The administration predicts the IRS would be able to use the new information to better target its enforcement activities, increasing scrutiny of wealthy evaders and decreasing the likelihood that fully compliant taxpayers will be subject to costly audits. “As a result, voluntary compliance will rise through deterrence as would-be tax evaders realize that the IRS has an additional lens into previously unreported income streams,” said the report.
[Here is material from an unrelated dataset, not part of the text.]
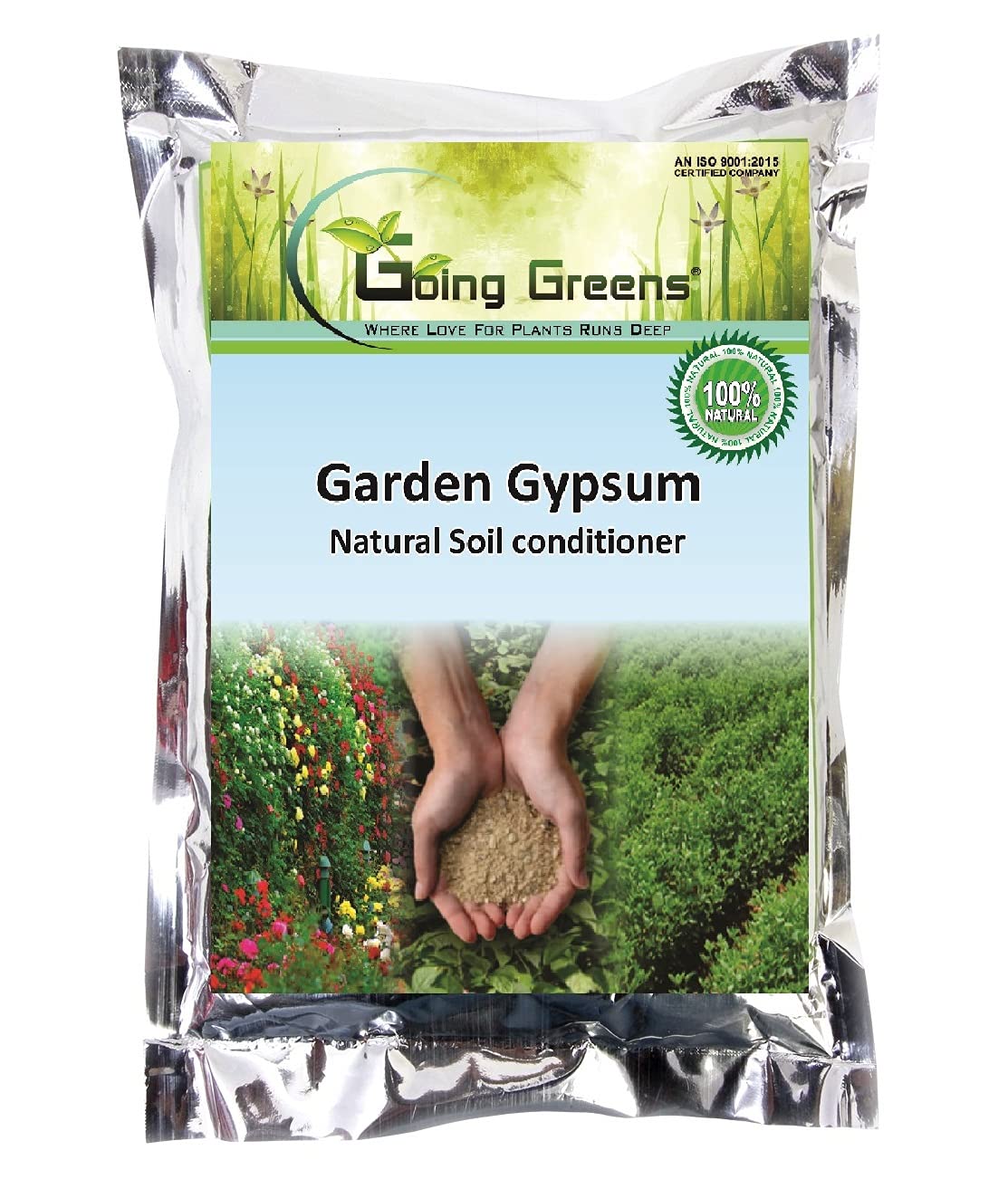Garden Gypsum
Some observers are skeptical that the IRS would be able to process all the information from the banks without significant technology upgrades. “Is the government prepared to analyze the data they would receive?” asked Brian Fox, founder of digital confirmation platform Confirmation, a division of Thomson Reuters. “It’s a massive amount of data that they would be collecting. The questions would be how long would they be allowed to hold that data. Is it an indefinite period of time? Is it until the taxpayers no longer need to keep data associated with those tax returns, which I think is like seven years? Is it just one year? Clearly there is not the staffing in place to analyze the transactional flows. Are there systems that have already been built or that need to be built to be able to analyze those transactional inflows and outflows? If we don’t have the technology in place at the highest level to catch multiple refund checks going to the same mailing address in the U.S., much less multiple refund checks going outside the U.S., we certainly don’t have the technology in place to do an adequate job of analyzing the data from these inflows and outflows from these transactional level details.”

The Treasury believes that providing funds for modernizing the IRS’s outdated technology, some of which dates back to the 1960s, would improve tax compliance and yield billions of dollars, while enabling the administration to deliver expanded refundable tax credits and improving cybersecurity and providing faster tax guidance.
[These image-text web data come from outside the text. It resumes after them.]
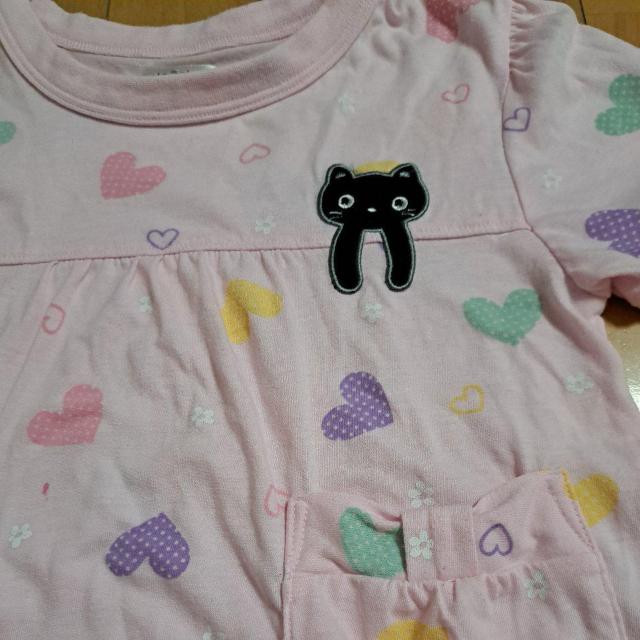 110cm女の子のパジャマ < キッズ/ベビー  110cm女の子のパジャマ < キッズ/ベビーの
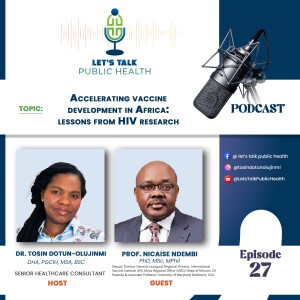 Accelerating Vaccine Development in Africa: Lessons From HIV Research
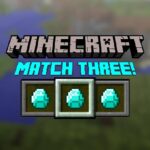 Minecraft Match Tres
“These resources would also support efforts to meet threats to the security of the tax system, like the 1.4 billion cyberattacks the IRS experiences annually,” said the report. “With a revitalized IRS, taxpayers would also be able to communicate with and receive guidance from the IRS in a clear, timely manner when questions arise. Further, modernized IT would help improve taxpayer service and ensure that the IRS is able to effectively and efficiently deliver tax credits to eligible families and workers, including recent expansions to the Child Tax Credit, the Earned Income Tax Credit, and the Child and Dependent Care Tax Credit proposed in the American Families Plan.”

Crypto crackdown

The IRS could use the technology improvements to crack down on the use of cryptocurrency for tax evasion, with the Treasury pointing out that “the IRS operates outdated systems and lacks the ability to fully take advantage of the benefits of more modern technology due to its resource constraints. Further, noncompliance has been exacerb ated by enhanced opportunities to shield income from tax liability, and even from audits. These opportunities are particularly available for those in the top end of the income distribution who can avoid taxes through sophisticated strategies such as offshoring, creating complex partnership structures, or moving taxable assets into the crypto economy.”
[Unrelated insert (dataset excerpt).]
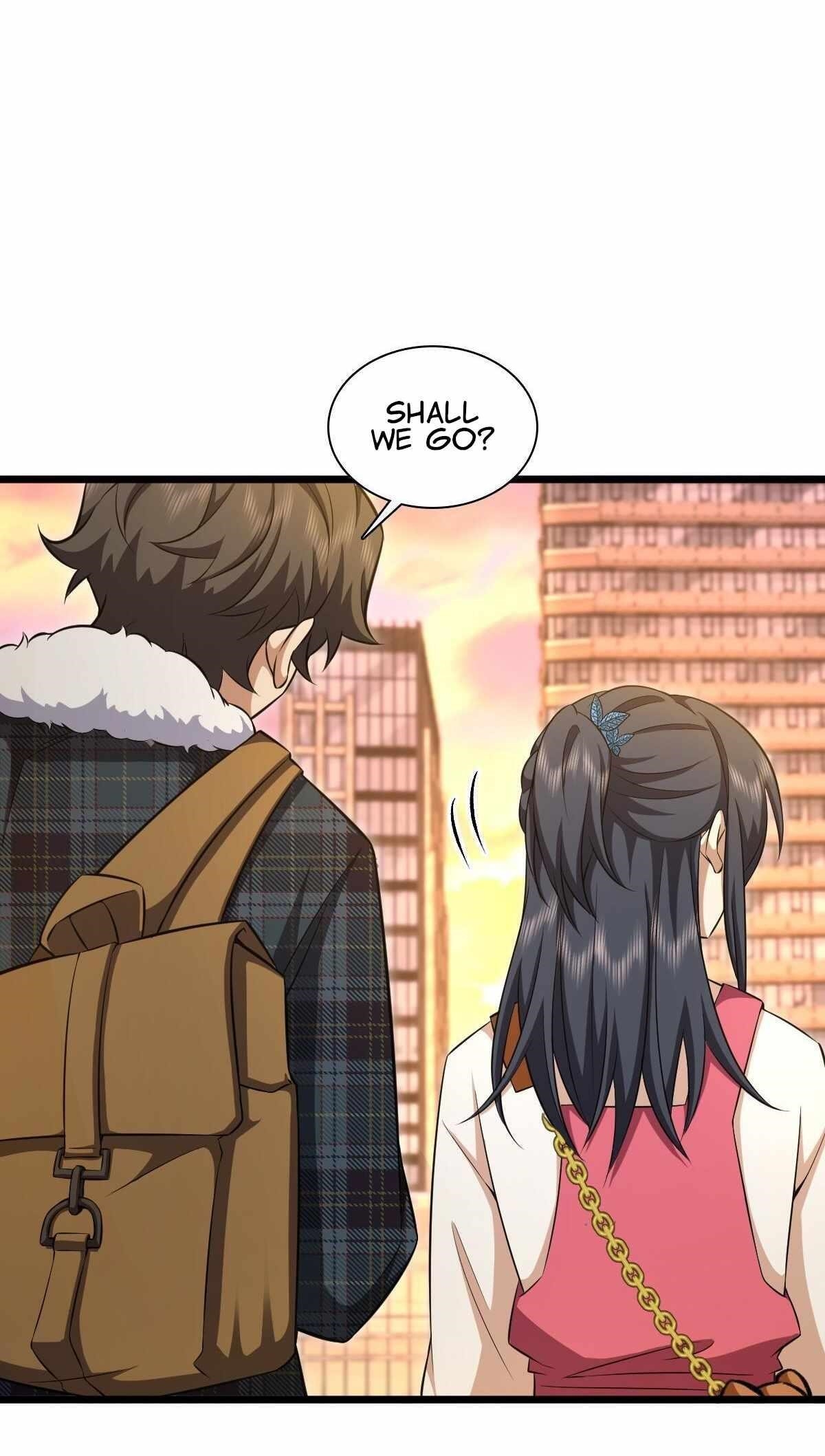 My Wife is From a Thousand Years Ago - Chapter 275 Page 6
Under the information reporting changes that the Treasury is proposing, crypto transactions of $10,000 or more would be reported to the IRS. “Within the context of the new financial account reporting regime, cryptocurrencies and cryptoasset exchange accounts and payment service accounts that accept cryptocurrencies would be covered,” said the report. “Further, as with cash transactions, businesses that receive cryptoassets with a fair market value of more than $10,000 would also be reported on. Although cryptocurrency is a small share of current business transactions, such comprehensive reporting is necessary to minimize the incentives and opportunity to shift income out of the new information reporting regime.”